MS Azure cloud setup with Pulumi (Alan Turing Institute)
=======================================================
.. note::
This guide on how to run a full setup of the Seshat django app on Azure with Pulumi based on `this guide `_.
It assumes that you have access to a Seshat database dump, including all the spatial data. You can access it through the project's `Google Drive `_ if you have access to it.
It assumes that you are located in the UK and have access to the Azure subscription that the Seshat project is under.
It assumes that your data tables are populated with the shape data. If it is not, you can populate them with the instructions in `spatialdb.rst <../spatialdb.rst>`_.
.. warning::
The setup is only partially automated with Pulumi currently. As you'll see below, subsequent steps are required to that involve SSH-ing into the created VM.
This setup guide is specific to Azure, but can be followed outside The Alan Turing Institute with a credited Azure subscription.
Prerequisites
-------------
The following instructions assume you have the following software installed:
- Python 3 (in order to use ``venv``)
- Pulumi
- Azure CLI
.. admonition:: Installation instructions for prerequisites
:class: dropdown
**Python 3**
Ensure you have a working installation of Python 3. The application has been tested with Python **3.8.13**.
If you don't have Python installed, you can download it from `Python's official website `_.
**Pulumi**
Ensure you have a working installation of Pulumi.
.. hint::
If you need to install Homebrew, you can find instructions on how to do so on `Homebrew's website `_.
If you don't have Pulumi installed, follow the `documentation `_ e.g. on a Mac:
.. code-block:: bash
brew install pulumi/tap/pulumi
**Azure CLI**
Ensure you have a working installation of the Azure CLI.

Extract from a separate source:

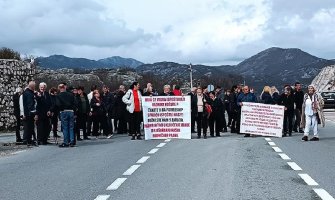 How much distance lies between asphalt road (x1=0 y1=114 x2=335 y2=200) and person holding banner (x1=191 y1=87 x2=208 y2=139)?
327 cm

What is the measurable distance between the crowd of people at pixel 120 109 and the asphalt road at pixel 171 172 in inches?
61.2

If you don't have the Azure CLI installed, you can download it from `Microsoft's official website `_.
Step 1: Log in to Azure
-----------------------
Ensure that you are correctly logged in and that the subscription you will use comes up in the list of subscriptions printed out, then set to that subscription:
.. code-block:: bash
$ az login
$ az account set --subscription ""
Step 2: Create a virtual environment for Pulumi
-----------------------------------------------------------------
You can use either Conda or Python's built-in ``venv`` module to create a virtual environment (you could also re-use the environment you set up for Seshat development and install the requirements there).
.. tabs::
.. tab:: Conda example
Create the environment:
.. code-block:: bash
$ conda create --name seshat_pulumi
Activate the environment:
.. code-block:: bash
$ conda activate seshat_pulumi
.. tab:: venv example
Create the environment:
.. code-block:: bash
$ python3 -m venv seshat_pulumi
Activate the environment:
.. code-block:: bash
$ source seshat_pulumi/bin/activate
Install the requirements:
.. code-block:: bash
$ pip install -r pulumi/requirements.txt
Step 3: Set up a Pulumi stack
------------------------------
We assume here that you'll use our provided Pulumi setup (located in the ``/pulumi`` directory in this repository).

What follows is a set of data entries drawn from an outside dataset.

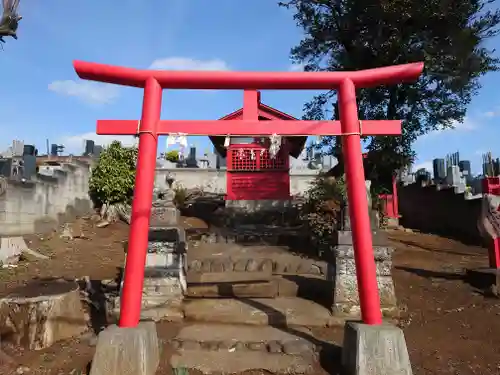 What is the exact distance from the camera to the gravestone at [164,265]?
257 inches

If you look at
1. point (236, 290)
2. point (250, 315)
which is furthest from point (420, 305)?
point (236, 290)

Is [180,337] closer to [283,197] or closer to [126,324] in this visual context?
[126,324]

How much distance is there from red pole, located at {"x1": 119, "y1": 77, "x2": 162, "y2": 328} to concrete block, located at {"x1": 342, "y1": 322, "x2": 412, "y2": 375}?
8.26 feet

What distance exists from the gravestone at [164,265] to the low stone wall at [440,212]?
40.1 ft

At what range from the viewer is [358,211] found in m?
4.78

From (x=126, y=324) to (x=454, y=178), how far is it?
75.3 feet

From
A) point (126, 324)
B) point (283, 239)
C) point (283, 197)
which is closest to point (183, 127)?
point (126, 324)

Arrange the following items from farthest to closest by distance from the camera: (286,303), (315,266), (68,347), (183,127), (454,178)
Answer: (454,178) < (315,266) < (286,303) < (68,347) < (183,127)

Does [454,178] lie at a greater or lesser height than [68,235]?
greater

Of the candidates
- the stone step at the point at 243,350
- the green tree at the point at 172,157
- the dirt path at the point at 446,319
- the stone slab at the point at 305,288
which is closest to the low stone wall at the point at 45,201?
the stone step at the point at 243,350

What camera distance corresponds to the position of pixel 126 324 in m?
4.46

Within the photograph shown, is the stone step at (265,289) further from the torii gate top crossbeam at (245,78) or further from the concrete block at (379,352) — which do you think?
the torii gate top crossbeam at (245,78)

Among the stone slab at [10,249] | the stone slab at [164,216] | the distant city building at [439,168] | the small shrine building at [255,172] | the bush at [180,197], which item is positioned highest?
the distant city building at [439,168]

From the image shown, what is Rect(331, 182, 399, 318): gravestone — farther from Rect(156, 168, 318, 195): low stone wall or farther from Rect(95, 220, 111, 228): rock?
Rect(156, 168, 318, 195): low stone wall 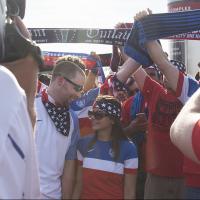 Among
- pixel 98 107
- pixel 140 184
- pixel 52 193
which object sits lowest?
pixel 140 184

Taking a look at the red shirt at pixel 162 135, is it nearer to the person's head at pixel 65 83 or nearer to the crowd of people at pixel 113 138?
the crowd of people at pixel 113 138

.. admonition:: Setting up a Pulumi stack from scratch
:class: dropdown
If you're setting up a Pulumi stack from scratch, you can follow the below steps:
1. Set up a Pulumi stack for Azure Python:
.. code-block:: bash
$ pulumi new azure-python
2. Initialize a new Pulumi stack:
.. code-block:: bash
$ pulumi stack init
3. Select the stack:
.. code-block:: bash
$ pulumi stack select
.. important::
In the provided set up in the ``/pulumi`` directory, we have already set up the Pulumi stack for you.

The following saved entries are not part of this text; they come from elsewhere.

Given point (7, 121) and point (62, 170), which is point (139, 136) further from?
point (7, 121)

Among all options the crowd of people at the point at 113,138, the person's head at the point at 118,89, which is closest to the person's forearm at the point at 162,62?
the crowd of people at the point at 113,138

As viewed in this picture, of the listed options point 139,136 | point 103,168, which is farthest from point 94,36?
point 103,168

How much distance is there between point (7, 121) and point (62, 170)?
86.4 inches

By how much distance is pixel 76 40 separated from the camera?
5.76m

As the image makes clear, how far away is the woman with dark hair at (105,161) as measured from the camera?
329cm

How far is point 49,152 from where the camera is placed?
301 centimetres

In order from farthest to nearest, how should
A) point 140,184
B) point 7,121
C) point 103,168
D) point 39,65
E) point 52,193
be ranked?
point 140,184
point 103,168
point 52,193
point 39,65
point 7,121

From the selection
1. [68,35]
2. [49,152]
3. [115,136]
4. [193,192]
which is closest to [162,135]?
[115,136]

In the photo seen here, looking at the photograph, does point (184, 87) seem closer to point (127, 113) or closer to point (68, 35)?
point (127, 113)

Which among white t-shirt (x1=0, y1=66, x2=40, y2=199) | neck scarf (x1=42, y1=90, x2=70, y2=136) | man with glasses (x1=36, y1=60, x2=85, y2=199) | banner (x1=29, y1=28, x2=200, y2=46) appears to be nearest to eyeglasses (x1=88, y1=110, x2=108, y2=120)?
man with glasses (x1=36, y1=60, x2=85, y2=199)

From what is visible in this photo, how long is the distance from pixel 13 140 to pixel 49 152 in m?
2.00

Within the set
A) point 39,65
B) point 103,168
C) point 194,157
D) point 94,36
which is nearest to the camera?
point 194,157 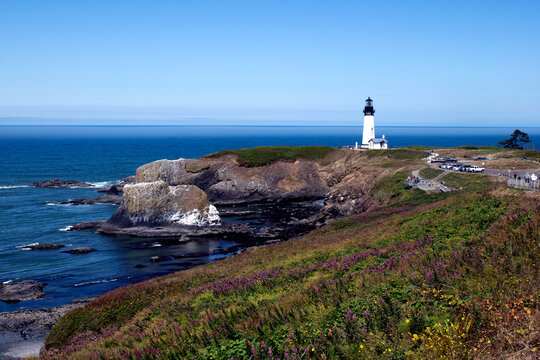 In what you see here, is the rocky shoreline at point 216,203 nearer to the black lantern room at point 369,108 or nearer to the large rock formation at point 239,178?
the large rock formation at point 239,178

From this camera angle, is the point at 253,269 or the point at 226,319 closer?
the point at 226,319

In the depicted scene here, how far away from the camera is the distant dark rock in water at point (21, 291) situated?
34250mm

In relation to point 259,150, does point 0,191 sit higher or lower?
lower

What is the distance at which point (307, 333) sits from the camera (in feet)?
28.5

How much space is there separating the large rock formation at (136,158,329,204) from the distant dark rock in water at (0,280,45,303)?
1808 inches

In the included set up, we:
- Chose a sensible project name: `seshat-dev`
- Chose the stack name `seshat`
- Chose ``UKSouth`` location
- Made custom edits to the config files for the Seshat app
To set up this Pulumi stack, run the following commands:
.. code-block:: bash
$ pulumi stack init seshat
$ pulumi stack select seshat
Step 4: Configure Pulumi
------------------------
You will need to provide the following configuration values:
- ``sshPublicKey``: The public key that will be used to SSH into the VM. You can find your public key by running:
.. code-block:sh
$ cat ~/.ssh/id_rsa.pub
The following command will set the `sshPublicKey` configuration value:
.. code-block:: bash
$ pulumi config set --secret sshPublicKey "$(cat ~/.ssh/id_rsa.pub)"
..
TODO: `privateKey` and `dumpFile` paths are needed for SCP command, which currently isn't working via Pulumi, see manual steps below
$ pulumi config set privateKey "~/.ssh/id_rsa"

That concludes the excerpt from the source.